© Foto's: Henk Grundmeijer

Naam: Desmopuntius rhomboocellatus, wordt vaak ook wel Snakeskin barbeel genoemd.

Wetenschappelijke naam: Desmopuntius rhomboocellatus.

Synoniemen: Puntius rhomboocellatus, Barbus rhomboocellatus, Systomus rhomboocellatus, Barbus tetrazona, Barbus kahajani.

Oorsprong: Borneo (Indonesië).

Biotoop: Aziatisch.

Geslachtsonderscheid: Het mannetje is feller van kleur en iets kleiner dan het vrouwtje.

Temperatuur: 20 - 28 graden Celsius.

pH: 4,5 tot 7,5.

GH: 8 tot 12.

Licht: Matig.

Beplanting: Normale beplanting.

Bodembedekking: Zand of grind. Wat bladafval (gedroogde eiken of beuken bladeren) op de bodem en (kien)hout of takken worden zeker ook op prijs gesteld.

Stroming: Zwak tot matig.

Leeftijd: 10 jaar.

Lengte: Mannetje 5 cm en vrouwtje 5,5 cm.
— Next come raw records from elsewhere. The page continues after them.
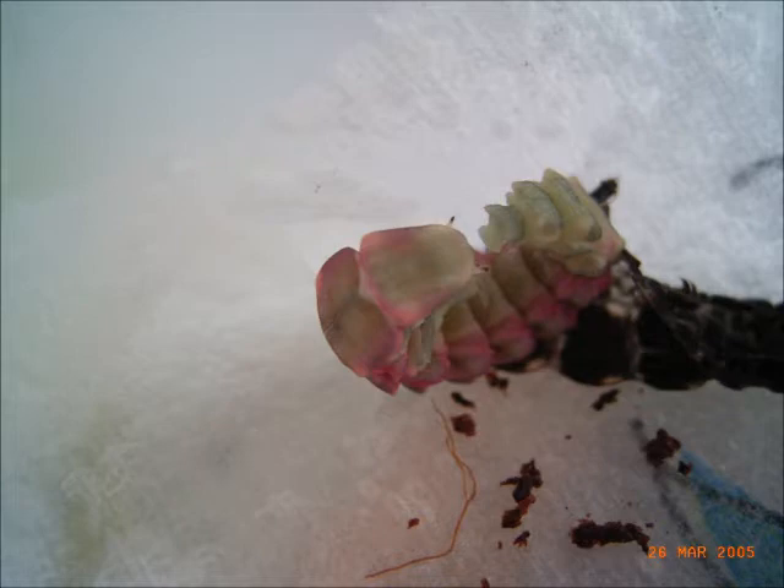After each molt, they start in a lighter tone and turn into the dark color scheme, just like after birth.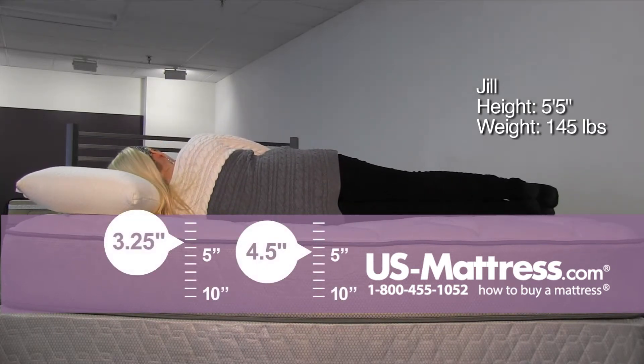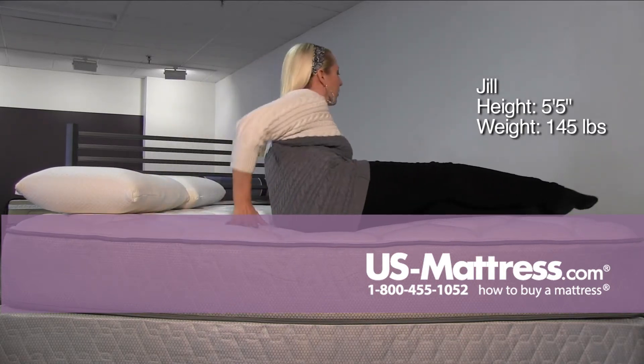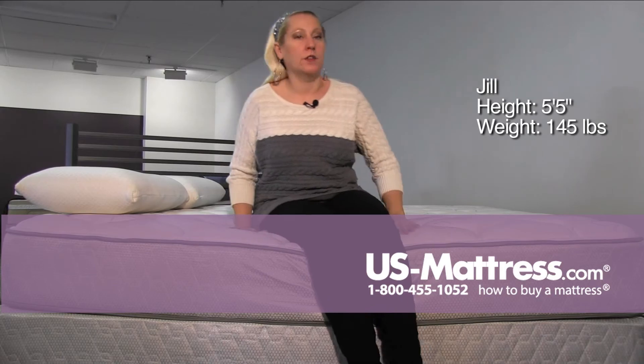And on my side, I think over time you could have some pressure point issues on your side because it is a little on the firmer side for a plush, but overall, a pretty good feeling mattress.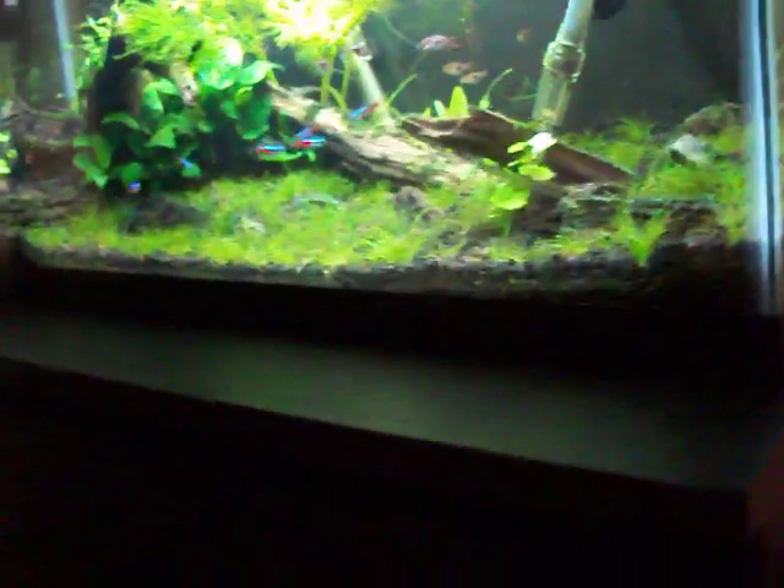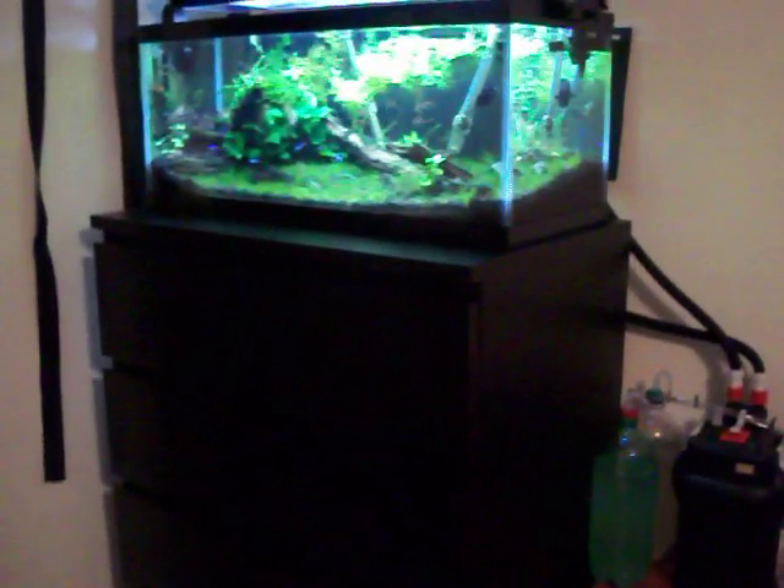One more thing — my 20-gallon is sitting on an Ikea dresser. What are your thoughts on that? Should I replace it? It's starting to kind of worry me.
Voedsel: Droogvoer, diepvriesvoer en levend voer.

Aquariummaat: 80 cm.

Waterlaag: Onder en midden.

Karakter: Zeer vreedzaam, alleen mannetjes onderling gaan nogal eens ruzie met elkaar zoeken.

Aantal: Schooltje van minimaal 6 vissen, liever meer.

Geschikt voor: Beginners met enige ervaring.

Geschikt voor gezelschapsaquarium: Ja.

Tijd voor uitkomen eitjes: 24 tot 36 uur.

Bijzonderheden:

Kweekinfo: Het kweken is niet al te makkelijk.

 

Gebruik een kweekbak van 40 x 25 x 25 met op de bodem 2 of 3 lagen knikkers, daar kunnen de eitjes tussen vallen na de afzetting zodat de ouders ze niet op kunnen eten. Leg op de knikkers een flinke hoeveelheid Javamos en andere fijnbladige planten. De kweekbak kan het best op een donkere plaats worden gezet met een zwak lampje er boven. Zet de temperatuur op 26 tot 27 graden Celsius, dus iets hoger dan normaal. Het water moet zacht en zuur zijn (pH 6 en GH <12). Het beste kan worden gefilterd over turf.

 

Geef het koppel, voor ze in de kweekbak worden geplaatst, een week lang veel levend voer. Dat zal de ei productie bij het vrouwtje op gang brengen.

 

Plaats het koppeltje in de kweekbak. De paring gebeurt vaak de volgende ochtend, gebeurt er niets dan kan een gedeeltelijke waterverversing ook nog wel eens helpen voor het aanzetten tot de paring. Na de ei afzetting kunt u de ouders verwijderen, hun taak zit er nu op. Vaak worden er zo'n 200 eitjes afgezet. De jongen komen na ongeveer 1 tot 2 dagen uit. Als ze vrij gaan zwemmen, meestal 5 dagen na het uitkomen, kan men ze voeren met stofvoer en pas uitgekomen Artemia-naupliën. Voer ze meerdere malen per dag kleine beetjes, dat bevorderd de groei van de jongen.